(London) – Aviva Investors, the global asset manager of Aviva plc (‘Aviva’), announces it has completed the purchase of two retail assets in the south of England, acquiring Hedge End Retail Park in Southampton, alongside the separate purchase of an Asda superstore in Hayes, Middlesex.
The two deals continue Aviva Investors’ desire to act as a strategic buyer of real estate assets that can offer strong long-term rental growth in client portfolios.
Spanning more than 100,000 sq ft and split between four retail warehouse units on an eight-acre site, Hedge End Retail Park is well-situated in an established retail cluster to the east of Southampton. The retail park houses a number of household names, including Currys, Lidl, and Pets At Home. It is well located for local, regional and national transport, sitting adjacent to the M27 and M3 road networks. Aviva Investors plans to improve the Park’s sustainability credentials through the addition of electric vehicle (EV) charging points across the estate, adding to existing measures which include solar panels on two units and a green roof installed on a further building.
The Asda superstore acquired by Aviva Investors is located in Hayes, Middlesex, and is a purpose-built facility totalling more than 85,000 sq ft. It is currently let to Asda Stores Ltd on a 25-year term which expires in 2040 and is subject to a five-yearly review. The store benefits from excellent transport links being a short walk from the Crossrail station at Hayes & Harlington, whilst the M4 and M25 motorway networks are within 10 minutes’ drive and Heathrow Airport just 15 minutes away. It was awarded an EPC A rating and has 625 PV solar panels installed.

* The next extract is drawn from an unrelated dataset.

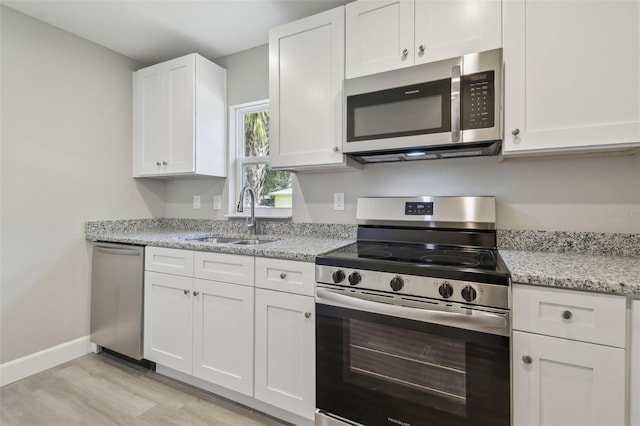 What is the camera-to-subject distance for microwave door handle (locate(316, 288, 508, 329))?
3.71 feet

James Stevens, Head of Real Estate Investments at Aviva Investors, said:
“These deals highlight our position as a strategic buyer, and to act with agility in response to repricing in the market. Non-discretionary retail such as food and groceries is a strong defensive asset class against the macroeconomic backdrop. We believe both of these investments can offer strong growth performance, particularly given the current discount in pricing.”